I’m not a churchgoer, personally. But even for me, Sunday’s Miami-Denver game was a harrowing existential ride. For about three quarters, Tebow floundered, and it looked like the Living Water Bible Church out on Route 17 was wrong about pretty much everything. (Just as I suspected!) Then he rallied the Broncos for a heroic comeback and, d’oh, it seemed like there might be a god in the universe after all. And people called the win “overhyped”!
It’s not as though, pre-Tebow, the NFL was lacking religiosity. I’m pretty sure Reggie White was actually a character in the Bible.3 And every sideline reporter has lived through this scenario —
SIDELINE REPORTER: What defensive adjustments did you make after the half that let you stop the run so effectively in the third quarter?

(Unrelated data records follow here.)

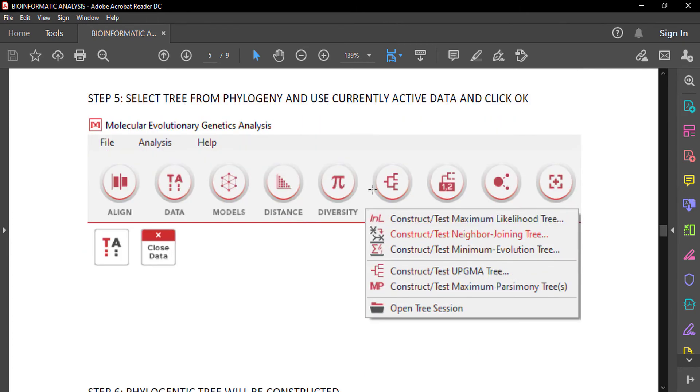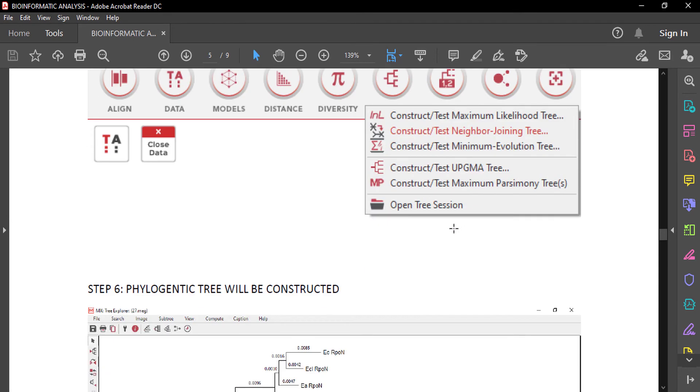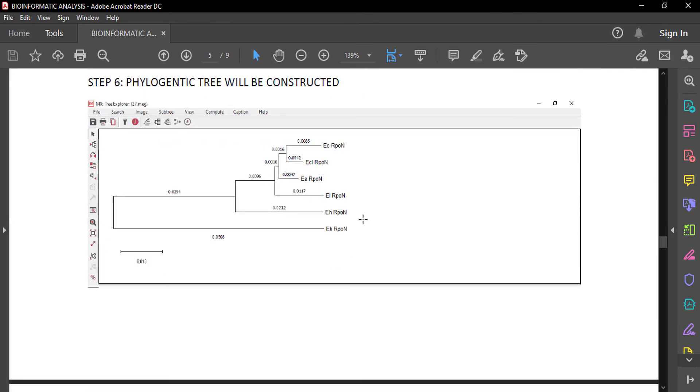We can construct the phylogenetic tree. Here we select the neighbor joining tree for currently active data and click yes. The phylogenetic tree will be constructed.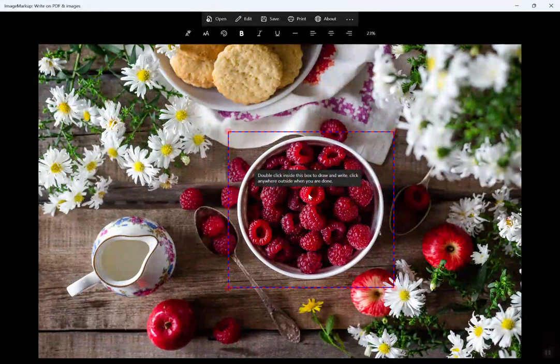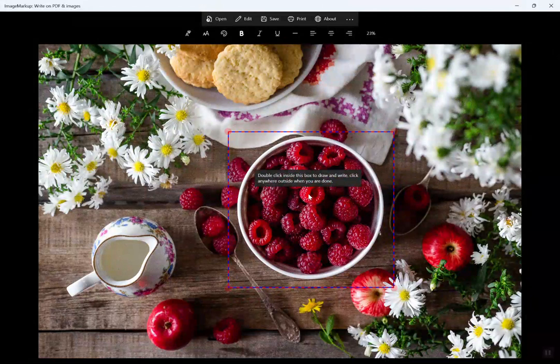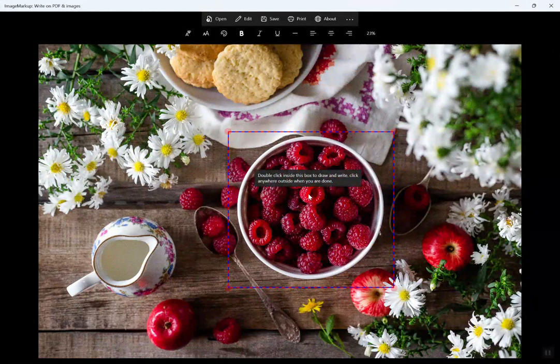When you're ready to start drawing, double-click anywhere inside the drawing region to activate drawing mode.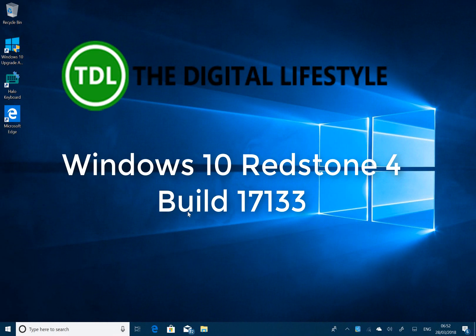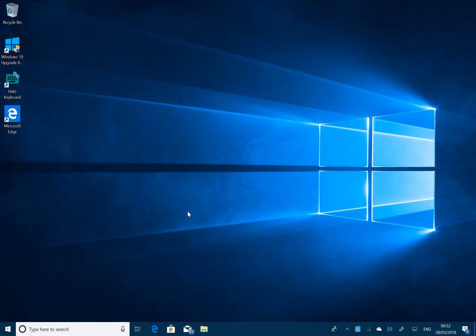Welcome to a video from thedigitallifestyle.com. A new Windows 10 Redstone 4 build to look at - this is build 17133 for Windows Insiders on the Fast Ring, and this has the potential to be the one that rolls out to all Windows users next month.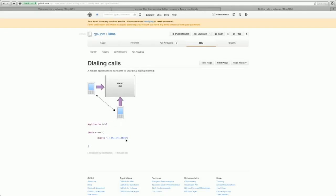This number will receive another call and when he responds, these two numbers will be connected.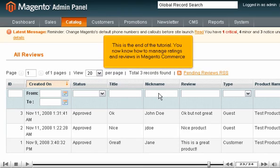This is the end of the tutorial. You now know how to manage ratings and reviews in Magento Commerce.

MIDDLE LINEBACKER: I thank Jesus Christ my personal Lord and Savior thine be the glory baby [kisses finger twice, points up at sky]
— so many times that they must all be terrified it’ll start to happen in their regular, non-football lives:
SIDELINE REPORTER [at the UPS Store]: Does the 12-box jumbo pack come with bubble wrap?
UPS STORE CLERK: Hey, I just wanna give a shout-out to the Prince of Peace, Jehovah, my shepherd, everything I am is how He made me and all I do is for His name.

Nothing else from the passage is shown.